Enfant de parents divorcés, placé en nourrice dès l'âge de quatre ans par une mère qui pourtant l'adore, Alain Delon disait avoir trouvé sa vraie famille à l'armée, dans cette guerre d'Indochine qu'il embrasse par défi, pour vivre une vie plus romanesque. C'est à Saïgon qu'il découvre "Touchez pas au grisbi" avec Jean Gabin, un acteur qu'il admire et dont il n'imagine pas à l'époque qu'il deviendra un jour son partenaire.

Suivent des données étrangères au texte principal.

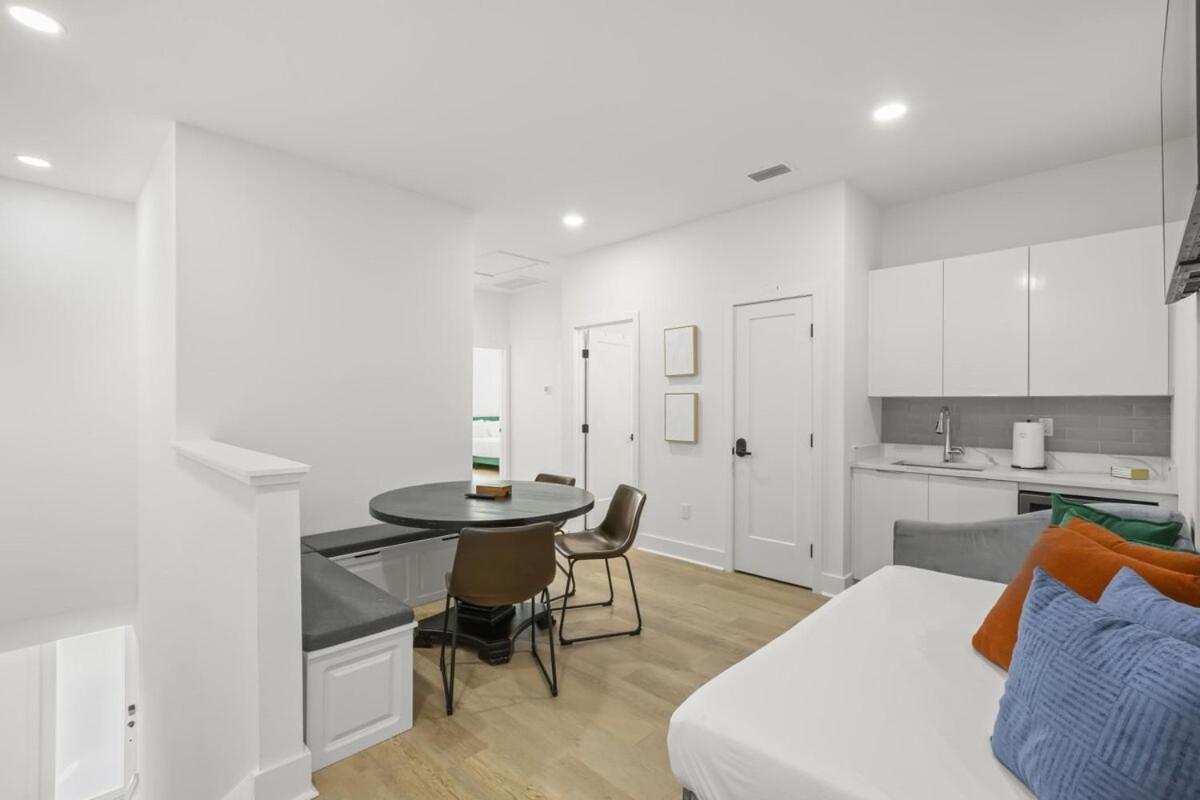 NEW! Columbus Cove - Gorgeous, Florida Themed Home In Heart of Tampa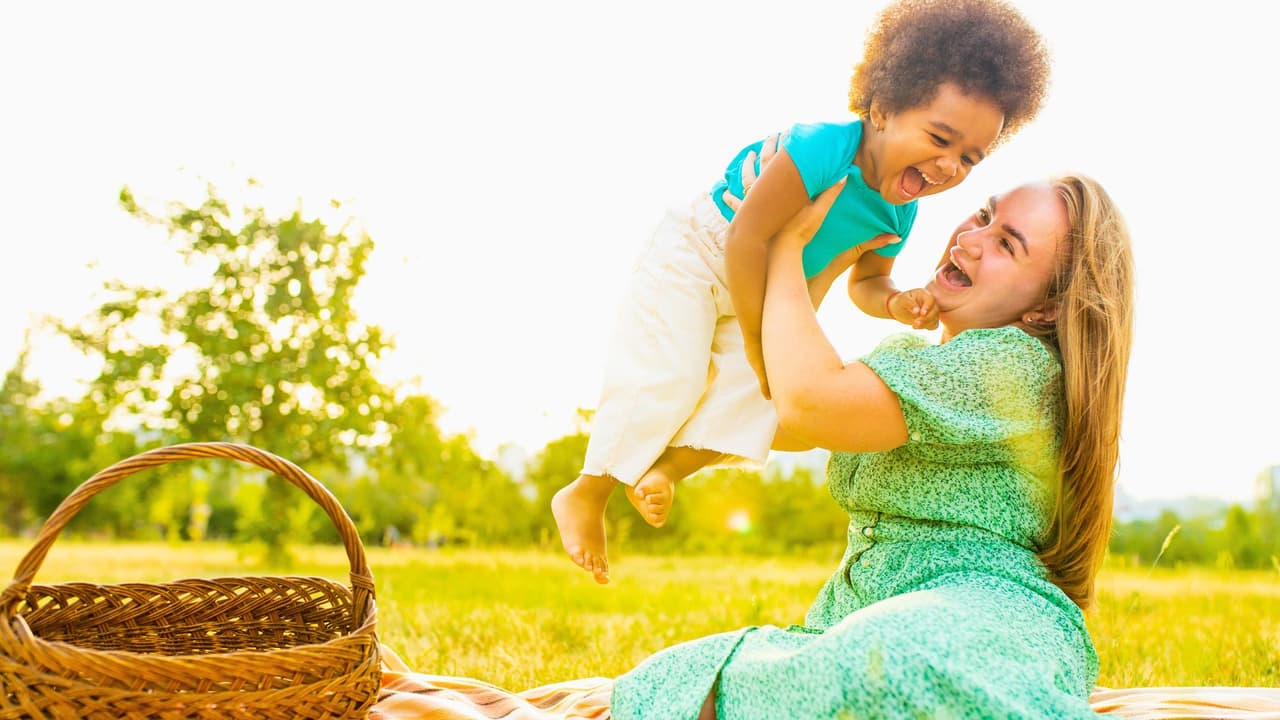 <h3 class="cms-H3-H3">🌷 Un pícnic en el parque (sin prisas ni filas) </h3>
<br>Nada dice “te quiero” como prepararle a mamá una comida casera y llevarla a disfrutar de la naturaleza. Algunos parques con áreas verdes, sombra, baños limpios y ambiente familiar: 
<br>
<b>White Rock Lake (Dallas)</b> – Puedes caminar por el sendero, rentar un kayak o simplemente sentarte frente al lago. 📍 
<a href="https://maps.app.goo.gl/QVmv6Qfq27X7shjY9" target="_blank">8300 E. Lawther Dr, Dallas </a>
<br>
<b>Trinity Park (Fort Worth) – </b>Ideal para un paseo en bicicleta y fotos familiares. 📍
<a href="https://g.co/kgs/wwDGjXo" target="_blank">2401 University Dr, Fort Worth</a>
<br>
<b>Arbor Hills Nature Preserve (Plano) –</b> Perfecto si a mamá le gusta caminar entre árboles o hacer senderismo ligero. 📍 
<a href="https://g.co/kgs/MY8rfwQ" target="_blank">6701 W. Parker Rd, Plano</a>
<br>
<b>👉 Tip: </b>Lleva una manta y música. 
<b>El momento vale más que cualquier regalo.</b>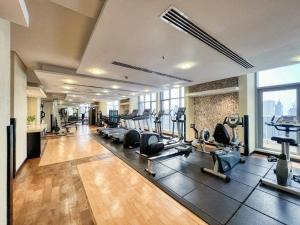 Lakeside Luxe Retreat 1 Bedroom apartment I Free Gym, Pool, Wi-Fi & Parking I by Meerak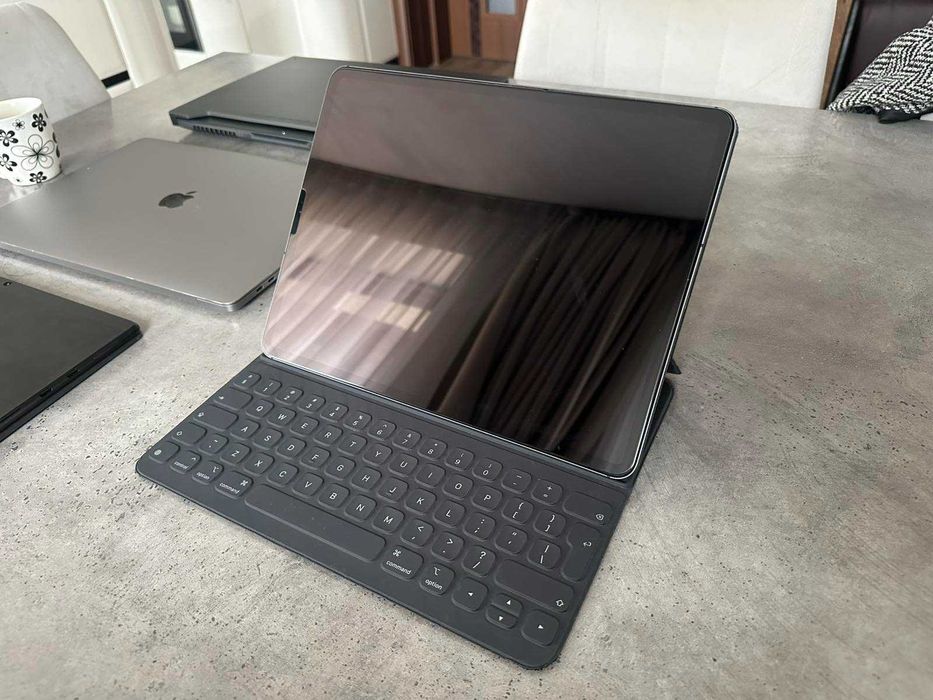 Ipad Pro 12.9” 3rd gen 2019 Cellular + Apple Smart Folio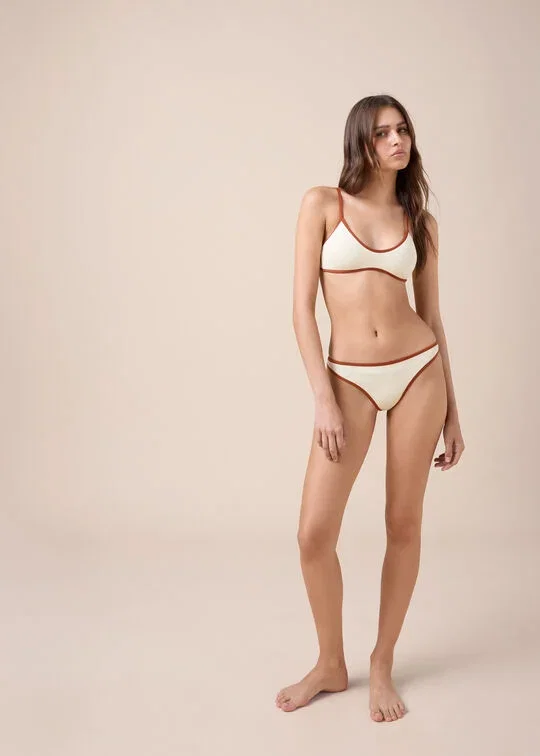 Calzedonia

Renvoyé de l'armée après avoir volé une Jeep pour faire la fête, Alain Delon revient en France en 1956. Il a vingt ans, aucun projet sinon de vivre libre et une gueule d'ange qui plaît aux femmes "qui le nourrissent et l'aident". Il vit alors à Pigalle, mais c'est à Saint-Germain-des-Prés qu'il rencontre Brigitte Auber, une des rares comédiennes françaises ayant joué pour Hitchcock. Elle a 28 ans. Il en a 20. Elle lui fait découvrir la Côte d'Azur, les boîtes et la dolce vita.
Jamais je n'aurais osé penser être un jour dans les bras d'une actrice. Jamais!

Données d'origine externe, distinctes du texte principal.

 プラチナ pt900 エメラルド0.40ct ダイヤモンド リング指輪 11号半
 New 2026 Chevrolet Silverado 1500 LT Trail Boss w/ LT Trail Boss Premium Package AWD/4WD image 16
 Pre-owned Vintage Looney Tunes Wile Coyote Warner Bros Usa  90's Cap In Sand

C'est Brigitte Auber aussi qui le présente à Michèle Cordoue, la femme d'Yves Allégret, qui le recommande à son mari. Le cinéaste souhaite un jeune premier à la fois candide et voyou pour "Quand la femme s'en mêle". Il propose le rôle au protégé de sa femme. Delon refuse. Allégret insiste. Delon décline encore une fois. Pour le convaincre, Allégret lui dit qu'il n'aura rien à faire, qu'il lui suffit de marcher, parler et sourire comme dans la vie.

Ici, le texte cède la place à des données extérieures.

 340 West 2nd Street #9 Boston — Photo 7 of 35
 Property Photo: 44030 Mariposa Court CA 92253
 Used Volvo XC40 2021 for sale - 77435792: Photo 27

J'ai fini par dire oui, mais pour lui faire plaisir.
Très vite, la caméra tombe amoureuse de ce garçon qui démode tous les autres jeunes premiers. Les propositions affluent, dont "Christine", une romance en costumes qu'il tourne avec Romy Schneider, déjà célèbre grâce à "Sissi", et quinze fois mieux payée que lui. Elle ne parle pas le français, il ne parle pas l'allemand. Elle le trouve vulgaire et insignifiant; il dit qu'elle est à vomir.
A la fin du tournage, ils seront fiancés et Romy débarque dans la vie de Delon.